As an Illinois governor who didn’t go to prison, Quinn possessed a lot of professional capital. He could have retired to a lucrative law practice and collected expensive watches, like former Gov. Jim Thompson, who joined Winston & Strawn. But Quinn isn’t interested in money (a reason he didn’t go to prison). One of his sons once said, “My father can live on a penny.” (Quinn is so frugal that after he succeeded Rod Blagojevich as governor, he crossed “lieutenant” off his business cards.) He could have become an elder statesman, like Jim Edgar, who runs a program for young leaders at the University of Illinois. Edgar once commented that Quinn is most comfortable outside the system, rattling cages. That’s something he can do when he’s running for office.

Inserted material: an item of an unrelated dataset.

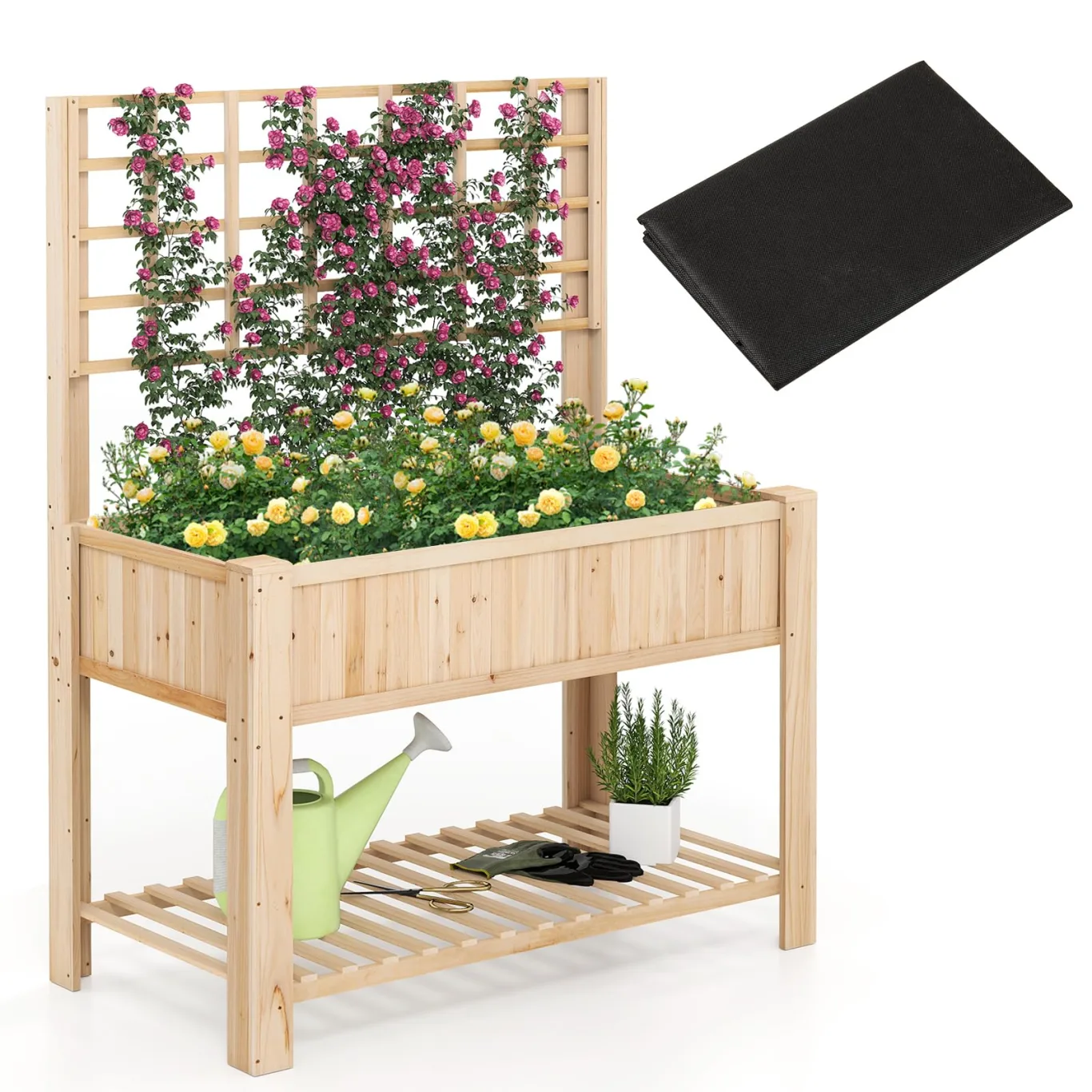 COSTWAY Hochbeet mit Spalier und Ablage, Blumenbeet mit Ablauflöchern, Gartenbeet Pflanzkasten Holz, Blumenkasten mit Rankgitter für Kletterpflanzen, Garten Balkon Terrasse, 116 x 59 x 150 cm (Natur) - Bild 1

In a 2014 article for this magazine, “Does Pat Quinn Have a Personal Life?,” author Carol Felsenthal speculated that Quinn has no interests outside politics. Quinn was married once, from 1982 to 1986. A Chicago magazine profile quoted his wife as saying, “He seems to be so preoccupied with things. He’s so busy with his work. Sometimes I’ll be talking to him, but he doesn’t hear a word I’m saying.”

Quinn has always been a crusader. His first political success was the 1980 Cutback Amendment, which reduced the size of the Illinois House of Representatives from 177 to 118. He’s still crusading, although now he looks more like a washed-up politician, desperate for attention, than an angry outsider. A few weeks ago, he showed up at City Hall to hand-deliver a letter to Lightfoot, demanding the release of a report on a 2020 smokestack implosion in Little Village. Quinn didn’t have an appointment, though, so he was told to wait in the lobby, where a mayoral functionary collected his letter.

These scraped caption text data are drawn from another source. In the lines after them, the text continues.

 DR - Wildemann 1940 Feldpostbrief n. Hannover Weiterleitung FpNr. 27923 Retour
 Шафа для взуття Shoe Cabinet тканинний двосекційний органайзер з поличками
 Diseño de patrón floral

In his Flannery Fired Up appearance, Quinn sounded like a candidate for mayor. Like every declared candidate, he blamed Lightfoot for the city’s rising crime. If Pat Quinn were mayor, there would be “an adequate number of officers in every neighborhood.”

“Police officers don’t have any confidence in her, and I don’t think people in the community have any confidence in her leadership when it comes to public safety,” Quinn said. “We’ve had too many situations where public safety has broken down.”

So will he run?

“The best way to help Chicago is robust competition in the race for mayor,” Quinn said, adding, “we’ll have enough time to get an adequate number of signatures.”

Will he win? No. For Quinn, though, that’s not the point. His life is a permanent campaign that occasionally lands him in public office. He lucked into the governorship — an office he would never have attained on his own — when Blagojevich was impeached. Then he lucked into Bill Brady as a re-election opponent. For Quinn, the best thing about being an ex-governor is that it provides him a public profile that allows him to publicize his causes. After the mayor refused to accept his letter in person, he held a press conference at City Hall, talking to reporters from WLS, WBBM and the Sun-Times

So the question isn’t, “Will Pat Quinn run for mayor in 2023?” Nor is it, “Will Pat Quinn be our next mayor?” The question is, “What will Pat Quinn run for in 2024?”